Como para redondear una noche memorable, Lionel Messi tuvo a su merced la oportunidad de anotar su cuarto tanto en el cotejo ante el Manchester City. Le cometieron falta dentro del área y cuando fue a agarrar la pelota, miró para atrás y vio que Neymar se la había pedido. La Pulga accedió sin chistar, pero su compinche de ataque no pudo con la figura de Wilfredo Caballero.

El arquero argentino le desvió su tiro, instantes antes de que el brasileño se desquitara y sentenciara la historia 4-0 en el Camp Nou, a poco del final.

Muchos dirán que la pena máxima más trascendental de su carrera fue convertida, en la serie ante Alemania por los Juegos Olímpicos celebrados en Río que le dio a Brasil la medalla de oro. Pero lo cierto es que a Ney no le va muy bien cuando Leo está en cancha y ejecuta los tiros.

El arquero argentino le adivinó el lado y desvió la bola (Reuters)
El arquero argentino le adivinó el lado y desvió la bola (Reuters)

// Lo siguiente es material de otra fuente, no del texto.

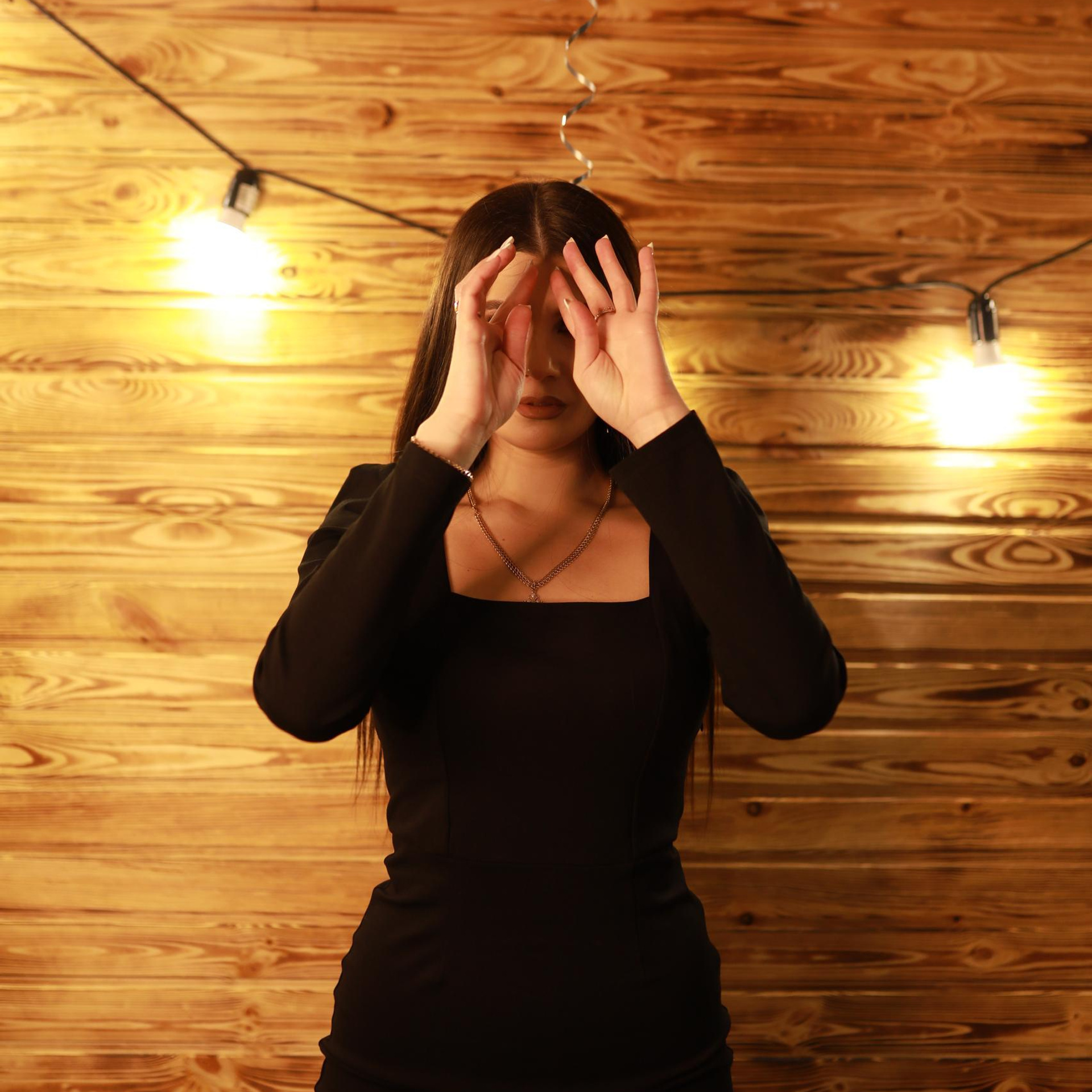 Отзывы. Фотограф Екатеринбург Арина Старовойтова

Anteriormente, había dilapidado cuatro penales. El primero fue por la Copa del Rey 2014/2015, cuando el Barcelona venció 3-1 al Villarreal. Y la temporada pasada fue una maldición para él: marró en el 4-0 ante el Betis (Liga), en el 6-1 ante la Roma (Champions League) y en el 7-0 ante el Valencia (Copa del Rey). Desde que está en el Barça, convirtió 8 de 13 ejecuciones.

Vale aclarar que como a Messi le habían cometido la falta ante los béticos, no estuvo en el campo como opción para el remate en esa ocasión.